Source data ::
-=-=-=-=-
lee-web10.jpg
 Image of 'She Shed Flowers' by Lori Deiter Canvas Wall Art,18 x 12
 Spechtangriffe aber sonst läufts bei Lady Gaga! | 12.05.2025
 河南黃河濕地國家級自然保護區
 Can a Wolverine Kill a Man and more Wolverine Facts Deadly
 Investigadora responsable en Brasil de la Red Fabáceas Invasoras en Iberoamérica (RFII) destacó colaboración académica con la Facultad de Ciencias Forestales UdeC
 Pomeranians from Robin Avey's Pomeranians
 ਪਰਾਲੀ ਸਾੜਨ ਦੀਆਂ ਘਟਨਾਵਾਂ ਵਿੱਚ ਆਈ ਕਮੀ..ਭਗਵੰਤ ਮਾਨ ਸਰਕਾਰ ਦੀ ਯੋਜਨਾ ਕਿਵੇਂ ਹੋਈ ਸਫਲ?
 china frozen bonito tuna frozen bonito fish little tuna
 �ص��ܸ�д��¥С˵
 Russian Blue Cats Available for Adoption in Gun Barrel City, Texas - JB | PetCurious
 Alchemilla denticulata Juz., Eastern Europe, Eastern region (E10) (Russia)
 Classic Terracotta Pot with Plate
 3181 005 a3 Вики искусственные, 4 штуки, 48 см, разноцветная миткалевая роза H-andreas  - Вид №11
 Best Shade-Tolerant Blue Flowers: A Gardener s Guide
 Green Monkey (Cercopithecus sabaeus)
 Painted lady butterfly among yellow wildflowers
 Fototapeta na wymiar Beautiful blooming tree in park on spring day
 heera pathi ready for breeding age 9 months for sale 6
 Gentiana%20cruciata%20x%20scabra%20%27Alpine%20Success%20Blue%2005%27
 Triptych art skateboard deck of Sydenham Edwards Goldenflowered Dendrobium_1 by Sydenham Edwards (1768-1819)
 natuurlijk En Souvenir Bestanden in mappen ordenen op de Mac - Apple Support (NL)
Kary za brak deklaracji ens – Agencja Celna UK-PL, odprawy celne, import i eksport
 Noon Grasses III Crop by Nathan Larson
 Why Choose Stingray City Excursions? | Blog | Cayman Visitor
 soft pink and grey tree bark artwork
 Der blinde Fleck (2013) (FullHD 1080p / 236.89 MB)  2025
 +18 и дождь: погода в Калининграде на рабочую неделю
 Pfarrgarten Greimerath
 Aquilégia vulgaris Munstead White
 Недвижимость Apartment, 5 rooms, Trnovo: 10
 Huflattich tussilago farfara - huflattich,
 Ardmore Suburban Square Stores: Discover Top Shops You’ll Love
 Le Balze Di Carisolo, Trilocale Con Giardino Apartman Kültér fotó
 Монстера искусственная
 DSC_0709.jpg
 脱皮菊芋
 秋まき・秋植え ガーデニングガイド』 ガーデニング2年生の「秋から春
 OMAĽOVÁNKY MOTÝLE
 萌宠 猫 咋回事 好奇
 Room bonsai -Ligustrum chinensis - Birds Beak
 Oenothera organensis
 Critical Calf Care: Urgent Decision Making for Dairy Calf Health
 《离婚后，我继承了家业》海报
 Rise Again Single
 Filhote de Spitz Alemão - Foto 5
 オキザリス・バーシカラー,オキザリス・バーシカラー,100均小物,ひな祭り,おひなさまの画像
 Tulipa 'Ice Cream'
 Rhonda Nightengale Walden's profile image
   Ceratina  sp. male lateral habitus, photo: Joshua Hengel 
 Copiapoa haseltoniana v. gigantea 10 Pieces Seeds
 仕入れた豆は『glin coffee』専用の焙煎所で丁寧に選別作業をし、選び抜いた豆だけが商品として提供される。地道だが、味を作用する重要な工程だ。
-=-=-=-=-
Work instruction ::
Exactly how many lines in the data above hold "tree"? State that number only.

Exercise answer ::
2